Entries taken from a collection:
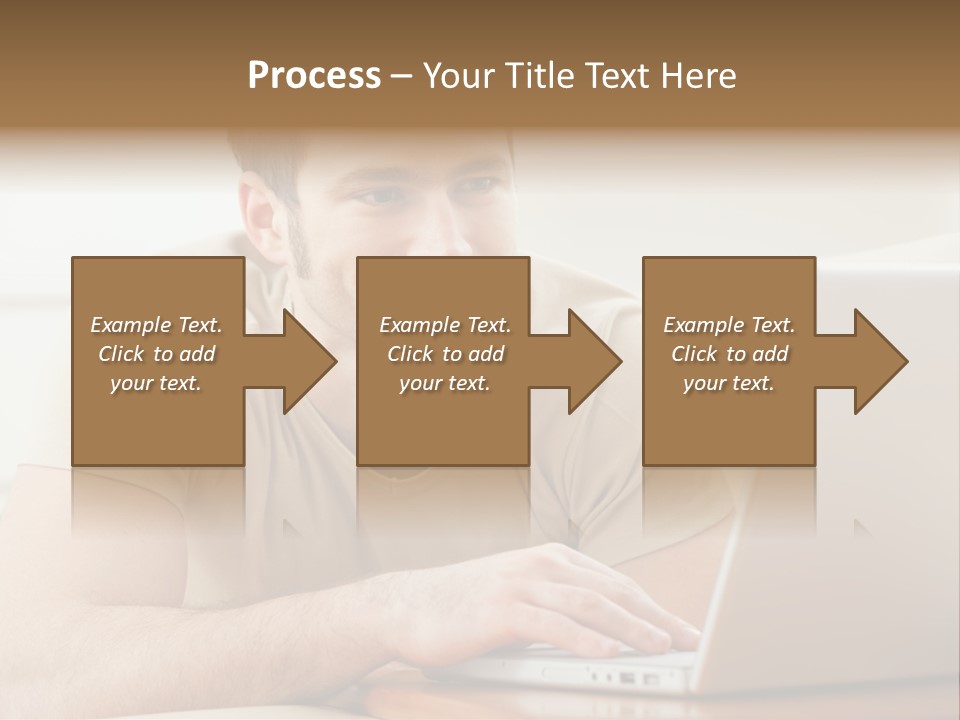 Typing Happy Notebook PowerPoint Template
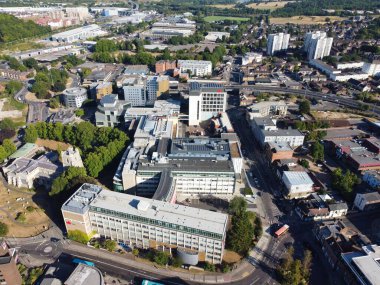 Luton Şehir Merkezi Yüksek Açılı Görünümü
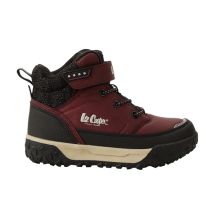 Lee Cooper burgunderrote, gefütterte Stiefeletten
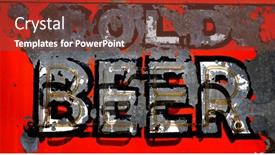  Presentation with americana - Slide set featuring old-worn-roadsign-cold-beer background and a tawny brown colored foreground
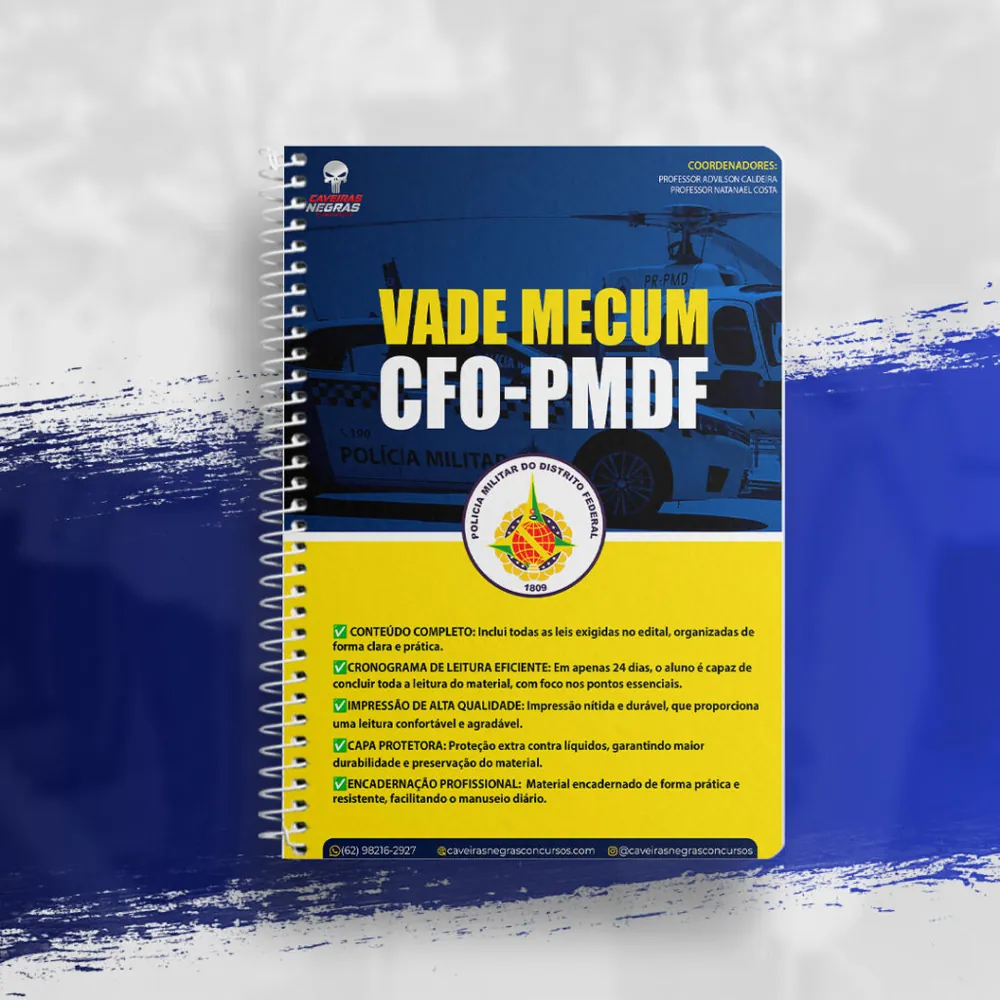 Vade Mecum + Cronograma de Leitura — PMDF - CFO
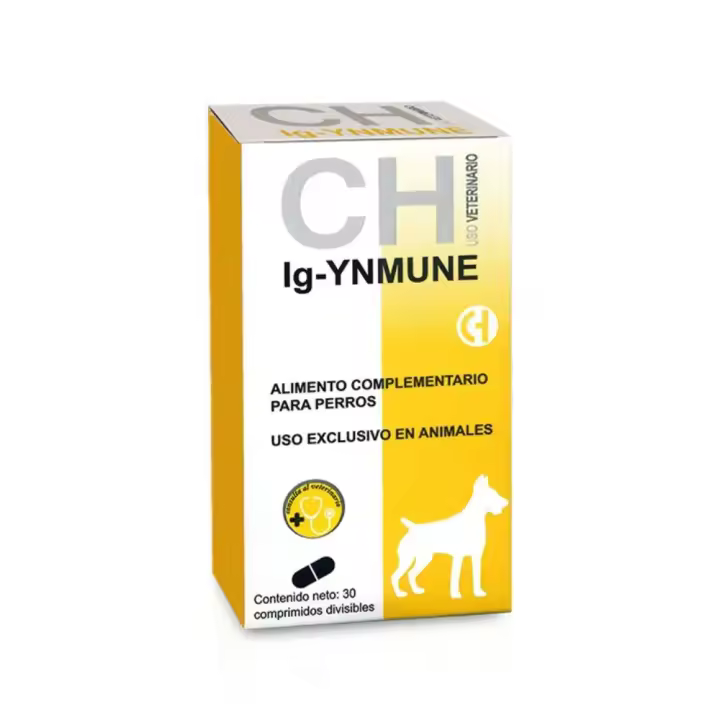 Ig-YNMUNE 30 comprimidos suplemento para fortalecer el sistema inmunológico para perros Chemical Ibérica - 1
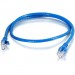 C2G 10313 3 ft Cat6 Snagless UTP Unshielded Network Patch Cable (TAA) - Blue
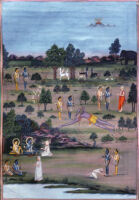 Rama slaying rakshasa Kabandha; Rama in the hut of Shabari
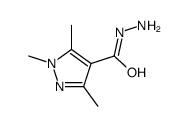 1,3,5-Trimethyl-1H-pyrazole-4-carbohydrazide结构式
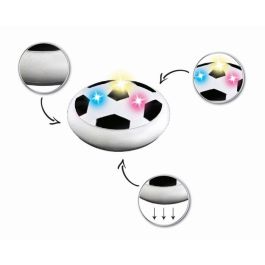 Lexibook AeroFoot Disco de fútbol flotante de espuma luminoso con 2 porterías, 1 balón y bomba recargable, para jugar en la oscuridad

# Task objective
Only the lines from the start of the records to the one containing "Vade Mecum +" should be repeated, exactly and with both ends kept; drop any pictures.

# Written reply
 Typing Happy Notebook PowerPoint Template
 Luton Şehir Merkezi Yüksek Açılı Görünümü
 Lee Cooper burgunderrote, gefütterte Stiefeletten
  Presentation with americana - Slide set featuring old-worn-roadsign-cold-beer background and a tawny brown colored foreground
 Vade Mecum + Cronograma de Leitura — PMDF - CFO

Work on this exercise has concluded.